From: Konstantin Knizhnik <knizhnik(at)garret(dot)ru>
To: Melanie Plageman <melanieplageman(at)gmail(dot)com>
Cc: Aleksander Alekseev <aleksander(at)timescale(dot)com>, PostgreSQL Hackers <pgsql-hackers(at)postgresql(dot)org>
Subject: Re: New criteria for autovacuum
Date: 2025-04-04 19:27:45
Message-ID: 39b8c638-0762-4d43-ba9c-68accc902f9f@garret.ru
Views: Raw Message | Whole Thread | Download mbox | Resend email
Thread:
Lists: pgsql-hackers


On 04/04/2025 7:10 pm, Melanie Plageman wrote:
> On Fri, Apr 4, 2025 at 1:53 AM Konstantin Knizhnik<knizhnik(at)garret(dot)ru> wrote:
>> What is needed to reproduce the problem?
>> 1. Table with populated data
>> 2. Presence of transaction with assigned XID which prevents vacuum from
>> marking pages of this table as all visible
>> 3. Vacuum or autovacuum processed this table (to eliminate dead tuple
>> and reset number of inserted tuples since last vacuum).
>>
>> After this 3 steps autovacuum will never be called for this table (at
>> least until forced vacuum caused by wraparound).
>> And IOS will not be used or be very inefficient fot this table.
> ISTM, this is more an issue of ins_since_vacuum being reset to 0 in
> pstat_report_vacuum() even though those inserted tuples weren't
> necessarily frozen and their pages not set all-visible. I don't know
> exactly how we could modify that logic, but insert-triggered vacuums
> are meant to set pages all-visible and freeze tuples, and if they
> don't do that, it doesn't quite make sense to zero out the counter
> that could trigger another one.
>
> That being said, long-running transactions are a problem for
> autovacuum in general. Even if you track this stat you are proposing
> about heap fetches by index only scans, you won't know if the long
> running transaction is over and thus if it makes sense to try and
> trigger an autovacuum for that table again anyway.
>
> - Melanie

From logical point of view I agree with you: taken in account number of
inserted tuples makes sense if it allows to mark page as all-visible.
So `ins_since_vacuum` should be better renamed to
`ins_all_visible_since_vacuum` and count only all-visible tuples. If
newly inserted tuple is not visible to all, then it should not be
accounted in statistic and trigger autovacuum.
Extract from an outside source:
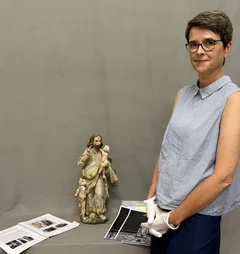 Frau vor Christusgruppe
But I have completely no
idea of how to efficiently maintain such counter: we should keep track
of xids of all recently inserted tuples and on each transaction commit
determine which one of them become all-visible.

And your suggestion just to not reset `ins_since_vacuum` until all of
them becomes all-visible may be easier to implement, but under permanent
workload it can lead to situation when `ins_since_vacuum` is never reset
and at each vacuum iteration cause vacuuming of the table. Which may
cause significant degrade of performance. Even without long-living
transactions.

So I still think that maintaining count of heap visibility check is the
best alternative. It quite easy to implement, adds almost no overhead
and this information indicates efficiency of index-only scan. So it
seems to be useful even if not used by autovacuum.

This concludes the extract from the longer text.